In fact, not much of the film is actually spent watching Herb's team compete, until with thirty minutes left of film to go we reach the moment for which the movie is named. From there, we spend the rest of our seat time basking in the glory of one of the single most miraculous and significant games ever played in any sport in any era. The "Miracle" itself is filmed with grit and detail, with a look that screams of the decade in which it takes place. Miracle even goes so far as to use what sounds like it must be the original Al Michaels play by play from the event, as well as 1980's footage of commentators Michaels and Dryden on television setting the stage for America. This is a historical movie obsessed with detail and the pure beauty of playing hockey.
Kurt Russell is solid as terse coach Herb Brooks, right down to his historically accurate bad hair and nearly Canadian accent. What he doesn't do is overplay his character into another rampaging uber-coach, stomping around and flinging agitation across the screen. He does such a great job of keeping Brooks outwardly calculated and controlled, that emotion flies like daggers from his eyes as compensation. Inside Russell's Herb is a raging ball of fear, insecurity, and passion; outwardly he's a stoic, demanding unflinching excellence and self-sacrifice from his players. Players, who I might add, serve mainly as backdrop off of which Russell can react. That's almost fitting with Brooks's intensive emphasis on team first mentality. With a couple of slight exceptions (like goalie Jim Craig) the team is mostly a sea of faces, none more notable than the rest except when they come together as a cohesive whole on the ice.
In those final moments, when the Soviets seem on the edge of defeat, there's a beautiful shot in which one of Herb's players faces off at center ice yet again against Russia's best. He stares him down, like John Wayne glaring at the screen in one of his old Westerns, like the Lone Ranger mounting up to ride with Tonto. The camera slows as the puck drops, to give us a stunning look at two men simply staring each other down at center ice. A battle of wills and spirit in which desire and passion managed to win out over talent. That's what Miracle ends up being about. Don't mistake it for patriotic saber rattling. That's its historical context and an important one. But the story of Miracle has something far more poignant and interesting to say about a real group of people and the man who forged them into iron.

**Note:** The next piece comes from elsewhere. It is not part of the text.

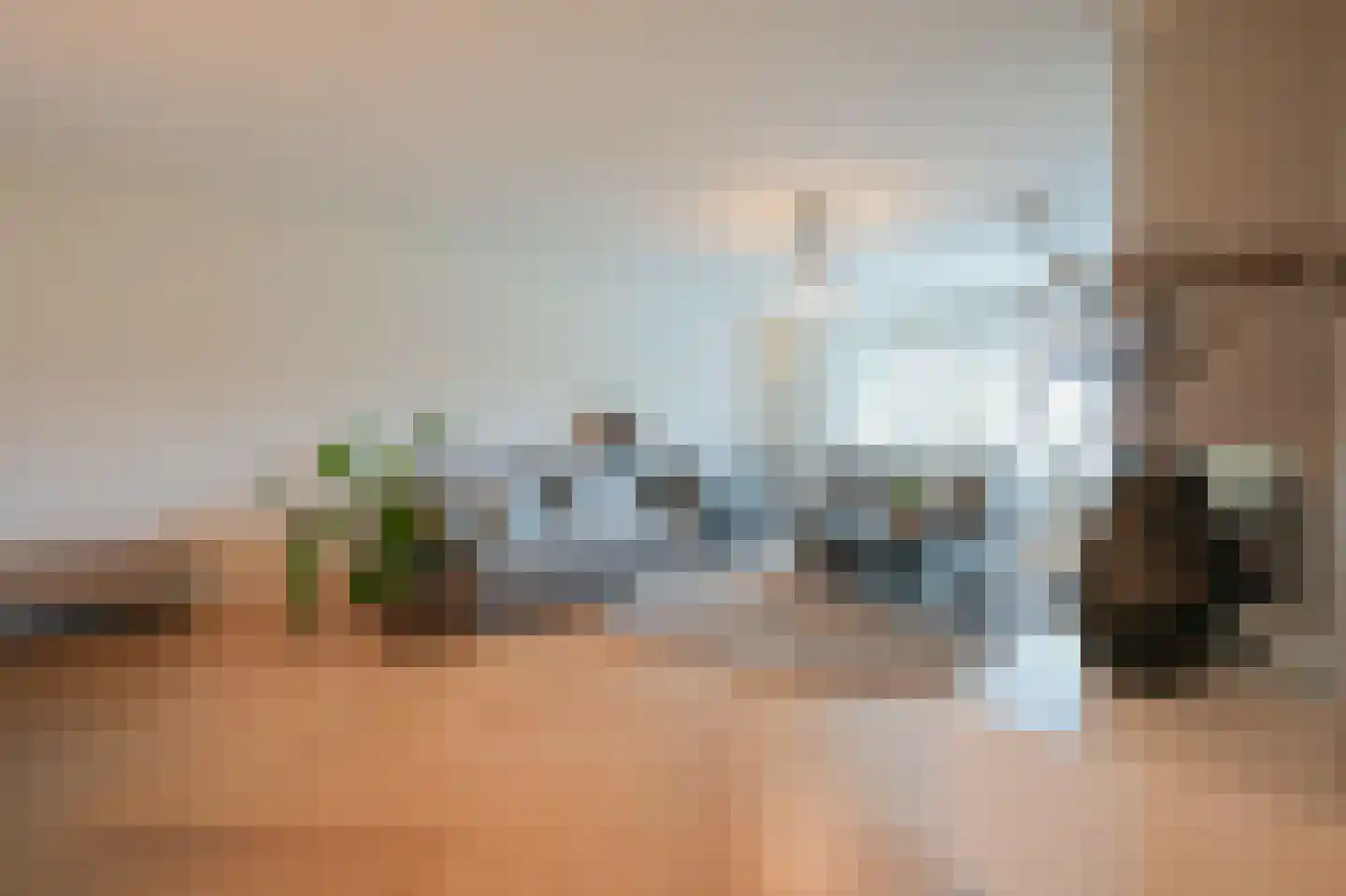 Doornweg 2 Helmond thumbnail 24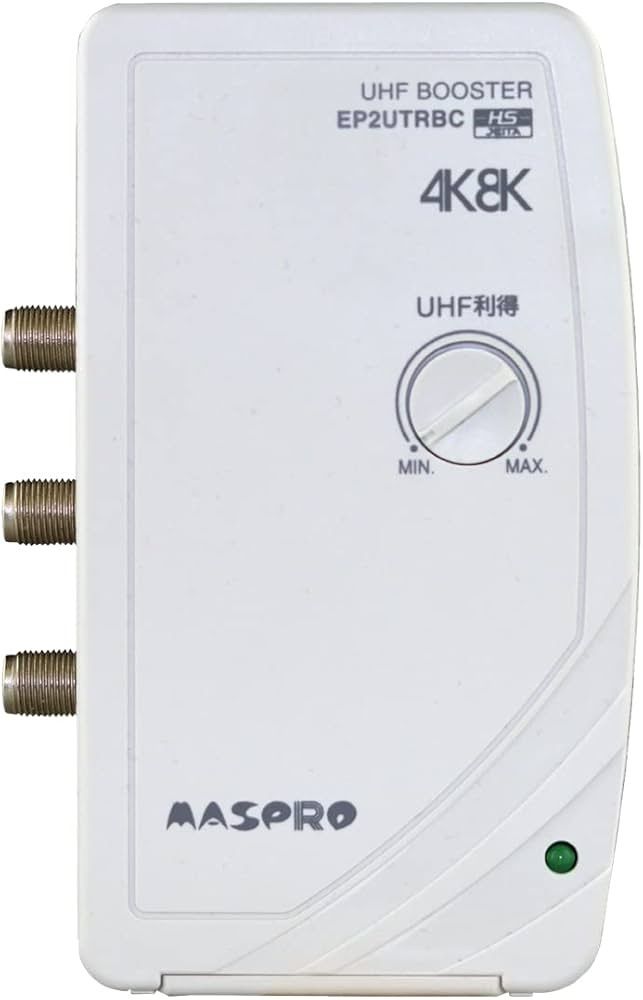 18.5インチ デジタルサイネージ専用機 壁掛け式 高輝度700cd/m² フルHD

Miracle is sure to be utterly embraced by hockey fans, but I remain uncertain whether or not it'll prove a pleaser to the general movie crowd. The game footage itself is fast paced and unforgiving. It doesn't slow down to let those unfamiliar with the game catch up. Yet there's something compelling about Brooks determined story, which, even if you don't like hockey ought to be enough for Miracle's triumphant message to make sense.